Gently rolling hills . . . yes, there are some on the Outer Banks. Combined with shady multi-use paths and well-marked trails, it all comes together to make the Outer Banks a cyclist’s dream.
It is possible to ride from the Currituck Beach Lighthouse in Corolla to Bodie Island Light in Nags Head. This is a car distance of 36 miles. You’ll only be on the main road for about five or six miles, and there’s a wide shoulder along the highway.
There are more than 50 miles of interconnected bike paths in Dare County and they make for a great morning or afternoon excursion with family or friends. There are a few trails that leave the pavement for dirt roads and cycling trails, so I think it’s interesting to discuss these paths.
The Pine Island Audubon Trail
At one time, the journey to Corolla included a dirt road and beach driving. The road began at the Dare/Currituck County line and was marked by a guardhouse which marked the boundary of the land that was owned by the Pine Island Hunt Club, one of the oldest and most storied of the Cuttiuck clubs. The land was ceded to the Audubon Society a number of years ago, and what was the dirt road is now a wide, easily navigated path that parallels the sound.
There is a small parking lot on the north end of the Sanderling, which is at the south end of the trail. The trail ends at the Pine Island Racquet Club. Live oaks line the east side of the trail, the sound is ever present to the west, and there are two observation platforms that are worth a visit. The trail should be navigable by any fat tired bike, but I don’t recommend taking a skinny tired bike on it. Ride fast or apply insect repellant in the summer and early fall!
Kitty Hawk Woods
Kitty Hawk Woods is about 1900 acres of one of the most beautiful maritime forest imaginable. Although there is a paved multi-use path that runs through it, for a more challenging and unique ride, get off the pavement and onto the dirt trail.
The trailhead is at the end of Ridge Road in Kitty Hawk. A nice warm-up is to start at the intersection of the Woods Road and NC 158–the second light past the Wright Memorial Bridge. The multi-use path will come to a fork–bear to the right and go to Austin Cemetery, where the paved trail ends. Turn right and right again on to Ridge Road. At the end of Ridge Road, the trail is immediately in front of you. It’s really not as confusing as it sound.

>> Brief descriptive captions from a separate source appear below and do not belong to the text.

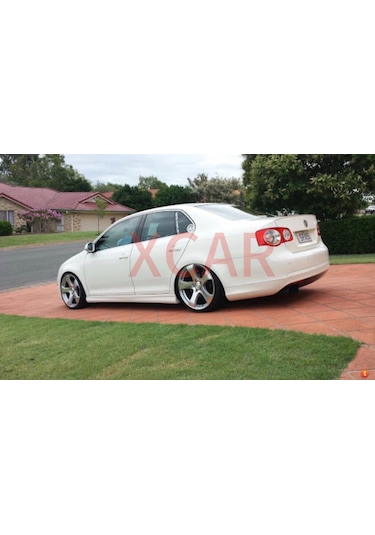 Modaautos Vw Jetta Mk5 2005-2010  Gli Votex Arka Ek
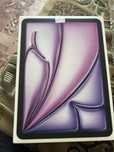 Apple Ipad Air 11-inch (M3) (2025) Wi-fi 128 Gb Purple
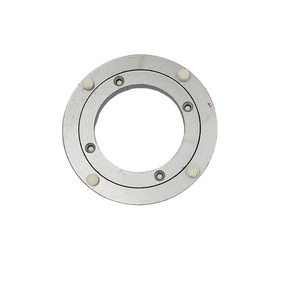 Alluminio 14 pollici 350mm <span class=keywords><strong>Lazy</strong></span> <span class=keywords><strong>Susan</strong></span> cuscinetto piastra girevole Base del sedile pigra <span class=keywords><strong>Susan</strong></span> giradischi per tavolo - Product Image 6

The trails through Kitty Hawk Woods are absolutely beautiful at any time of the year. A bit challenging, fat tires and gears are a necessity. The trails traverse ridge lines and descend into swales, and you may get a bit muddy during the ride. Lots of tree roots too, so expect a few bumps along the way. There are a number of interconnecting paths through the Woods—so pay attention to where you are, or it can get a little confusing.
Nags Head Woods
There’s a great dirt road located in the heart of Nags Head Woods, that’s a great cycling adventure. Really beautiful, with a mountainous feel to it, the road leads to one of the most exquisite overlooks on the Outer Banks.
It is possible to access everything from the Nags Head Woods Visitor’s Center–which has a parking lot. Located on Ocean Acres Drive, turn west at the light at Pigman’s Barbecue, and follow the road until the pavement runs out, then look to the left. A second route is to take W. Martin Street until it becomes Old Nags Head Woods Road (the official name). This second route is a bit more difficult to navigate, although it gives the rider a chance to start at the beginning of the dirt.
Riding to the west, the road ends at an extraordinary overlook of Roanoke Sound framed by a massive live oak that is inevitably going to fall into the water. The ride is suitable for a strong rider on fat tires (think beach cruiser), but it is better with gears.
A quick note–there are miles of trails running through Nags Head Woods, but because of concerns about trail damage, bikes are not permitted on them.
Go out and have fun, and we’ll take a look at paved trails soon.